The Victorian gardens have long been the green heart of the city – but over the decades, successive councils have each come forward with their own ambitious, and very different, renovation vision.
It was officially opened as a park in 1878 with the railway-side site dedicated to the people of the city.
Built at a time when many residents lived in slum housing, it provided a welcome place to relax in some of their brief leisure time.
Into the turn of the century it remained popular, and during World War II the arches were bricked up and adapted for use as air raid shelters.
And nearly every decade since there has been a major council plan for the sunken green space.

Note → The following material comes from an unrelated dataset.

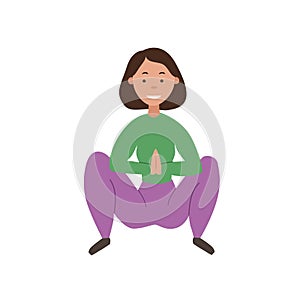 Yoga. Vector illustration Of a girl in a garland pose Malasana.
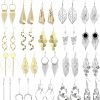 ESRICH 20 Pairs Alloy Earrings With 8 Pcs Gold,12 Pcs Sliver,20 Styles Of Earrings For Women Girls Jewelry Fashion And Christmas Gifts Valentine Birthday Party | Earrings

In the 1950s it was proposed to create a “Princess Street” skyline for the city by doubling the width of Denburn road and demolishing a number of buildings.

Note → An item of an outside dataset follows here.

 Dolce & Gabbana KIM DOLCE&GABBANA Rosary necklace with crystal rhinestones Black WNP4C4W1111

In the 1960s, a scheme was put forward to raise the gardens to street level and put car parking beneath the park.
The idea was resurrected two decades later – but turned down in 1987.
And by the 1990s the talk was of a “millennium square” – a £30million project that would have created 400 jobs and included shops, restaurants and performance and exhibition space.

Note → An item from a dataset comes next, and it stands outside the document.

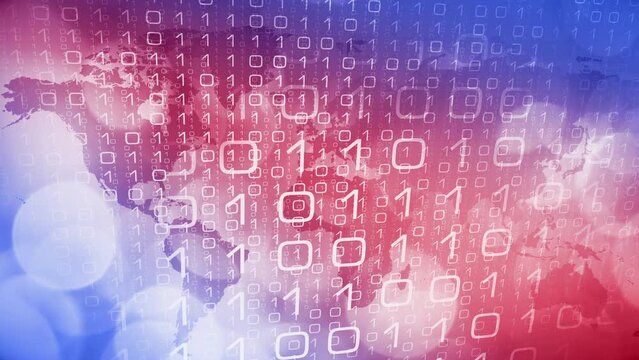 Technological motion binary code animation with digital pattern and world map. Digital code stream motion graphics animation with binary background and world map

It was shelved after failing to attract National Lottery funds.
In 2008 a multi-million pound blueprint for the space backed by oil industry tycoon Sir Ian Wood was announced, dividing the city.
The “Granite Web” design was backed by Sir Ian with up to £50million of his own money.
In a 2012 referendum, there were 45,301 votes in favour of the project and 41,175 people opposed.
But the Labour group in Aberdeen fought council elections that year on a platform of retaining the gardens, becoming the largest party and forming a coalition with the Conservatives and independents.
Aberdeen City Council finally rejected the City Garden Project by two votes.
The current plans, as part of the city centre masterplan, have, in theory at least, the backing of all councillors as the masterplan was voted through unanimously.
But opposition party leaders have previously stated that while they support the masterplan they would exercise judgement on each individual element.